FreeArtGS: Articulated Gaussian Splatting Under Free-Moving Scenario¶
Conference: CVPR 2026
arXiv: 2603.22102
Code: https://freeartgs.github.io/
Area: 3D Vision
Keywords: Articulated Object Reconstruction, Gaussian Splatting, Free-Moving, Joint Estimation, Motion Segmentation
TL;DR¶
FreeArtGS proposes a method for reconstructing articulated objects from monocular RGB-D videos in "free-moving scenarios" (where object pose and joint states vary simultaneously). By utilizing a three-stage pipeline comprising motion-driven part segmentation, robust joint estimation, and end-to-end 3DGS optimization, it significantly outperforms all baselines on the self-produced FreeArt-21 benchmark and existing datasets.
Background & Motivation¶
- Background: Articulated object reconstruction is a critical problem in 3D vision with significant value for augmented reality and robotic simulation. Existing methods generally follow three directions: (a) foundation model-based single-image generation, which lacks generalization; (b) reconstruction from fixed multi-view cameras across two articulated states, requiring axis alignment; (c) reconstruction from monocular video, assuming a fixed base part.

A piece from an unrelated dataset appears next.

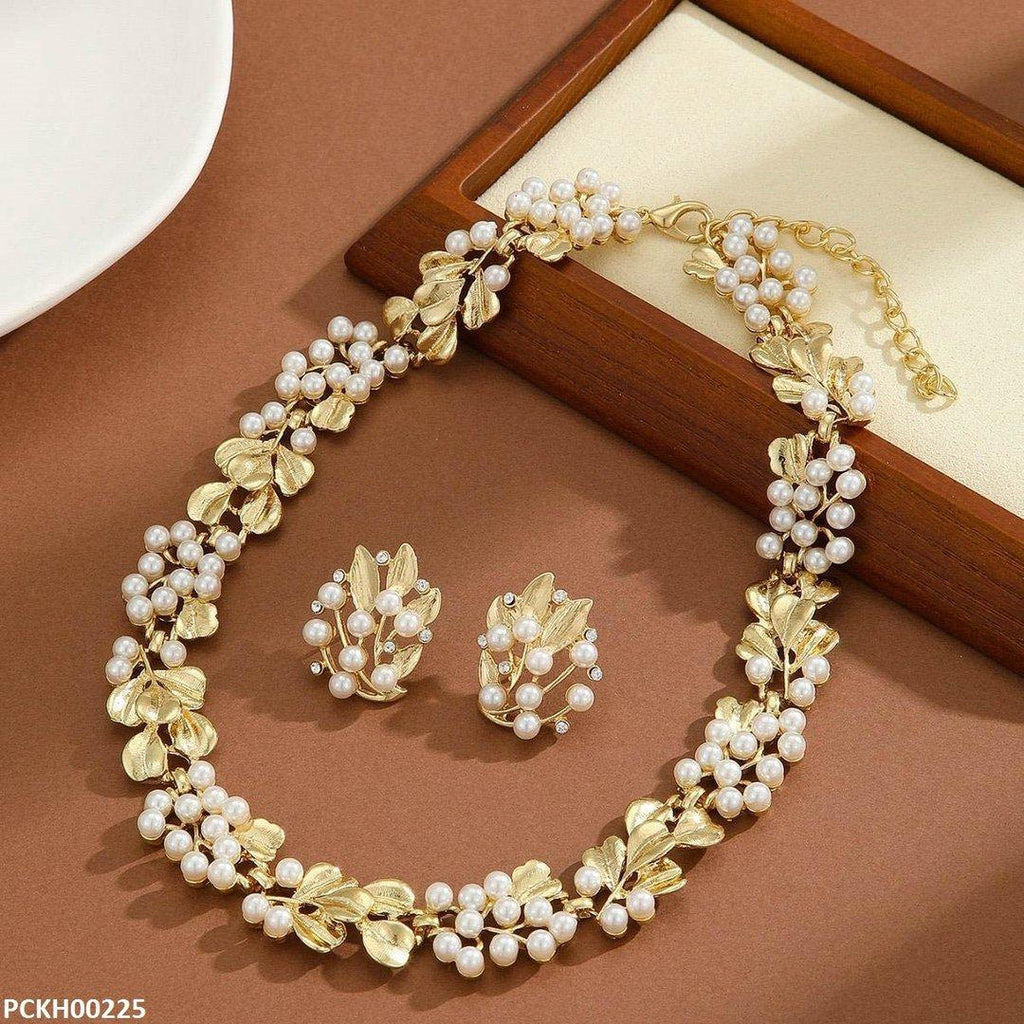 Pearl Leaf Choker Set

- Limitations of Prior Work: Single-image generation lacks post-optimization and generalizes poorly; multi-view dual-state methods suffer from difficult axis alignment, limiting practicality; monocular video methods rely on a "static base" assumption that is frequently violated in practice (e.g., both parts of scissors or pliers move during use) and suffer from incomplete coverage.
- Key Challenge: In real-world scenarios, articulated objects are often manipulated freely—object poses and joint states change simultaneously without a fixed base reference. Existing methods cannot handle this natural usage scenario.
- Goal To reconstruct the complete appearance, geometry, and joint parameters of articulated objects from monocular RGB-D video alone under free-moving scenarios.
- Key Insight: Combine dense 2D point tracking priors with 3DGS optimization—using point tracking to provide motion cues for part segmentation and optimization for high-precision final reconstruction.
- Core Idea: Use point tracking and feature priors for free-moving part segmentation, relative transformation estimation for joint type and axis identification, and end-to-end 3DGS optimization to jointly refine appearance, geometry, and joints.
Method¶
Overall Architecture¶
FreeArtGS addresses a setting previously avoided: when a person manipulates an object like scissors or pliers while recording, the global pose and joint state both vary throughout the video, and no part acts as a fixed reference. The input is a monocular RGB-D video and foreground masks generated by SAM, while the output consists of canonical Gaussians \(\mathcal{G}_c^0, \mathcal{G}_c^1\) for the two parts and the connecting joint parameters \(\mathcal{J}\).
The pipeline follows a "coarse-to-fine" three-step approach: first, the object is partitioned into two rigid parts based on motion differences; second, joint types (revolute or prismatic) and axes are inferred from the relative motion between parts; finally, appearance, geometry, camera poses, and joint parameters are refined together via differentiable rendering to eliminate errors from the initial steps. This logic utilizes off-the-shelf models (point tracking, features, pose) for a noisy but reasonable initialization, while optimization ensures convergence to high precision.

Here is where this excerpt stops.